Martin Mayongo is a potter in this true sense and produces pieces in a clean, earthy style that fully reflect their Earth origins. At the Country Craft Market on 22 December, he demonstrated one of the more recent decorating processes that he has adopted, to add that extra touch to his elegant yet traditional work.
Martin is know at the Country Market for his large vases, plates and other utility pieces. He makes much skilful use of sawdust firing, producing pots with smoky brown colours that seem to be his signature.
His skill is obvious, reflected in the high standard of his work. While giving a rustic feel, these pieces are finished to perfection and are a remarkable blend of tradition and refinement. Above all, their ethnic and sometime stylised forms and designs capture the essence of Africa while still blending well into any décor style.
Martin is a cheerful person whose ready smile welcomes every visitor to his stall.
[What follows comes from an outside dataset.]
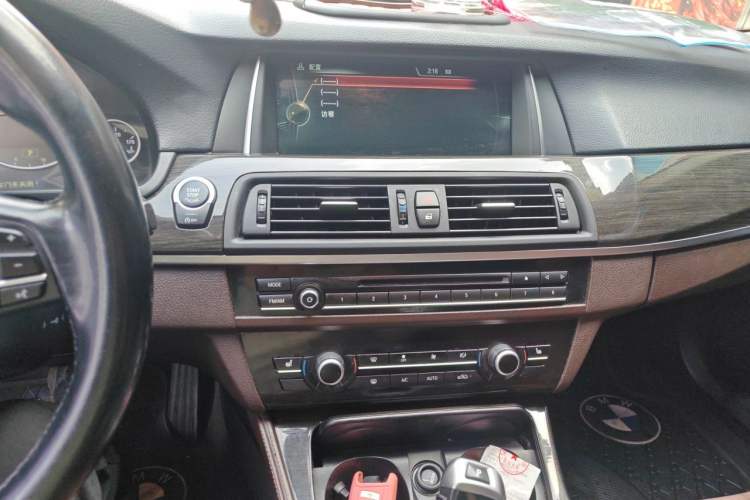 Used BMW 5 Series 2014 525Li Luxury Design Package Audio And AC Panel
He began his business, Yongo's Pottery in 1997, after working for other potters for 14 years Since that venture into independence, he has developed his own, unmistakable style.
His sawdust fired pots vary from small to very big, and are indeed his speciality. Apart from their obvious uses as vases and plant pots, the decorative versions are quite simply objet d'art for the mantelpiece or coffee table. These include a variety of large plates and platters. The decoration of his pottery includes the use of beads that add both colour and tradition. He integrates these two crafts, pottery and beadwork, with a subtle touch. The result is simple beauty, with no flamboyance.
Martin invited all visitors to the Country Craft Market on 22 December, to visit his stall and see him at work on decorating his pots. And many also measured up one of his pots for thier Christmas stockings, to put a real taste of Africa into Christmas.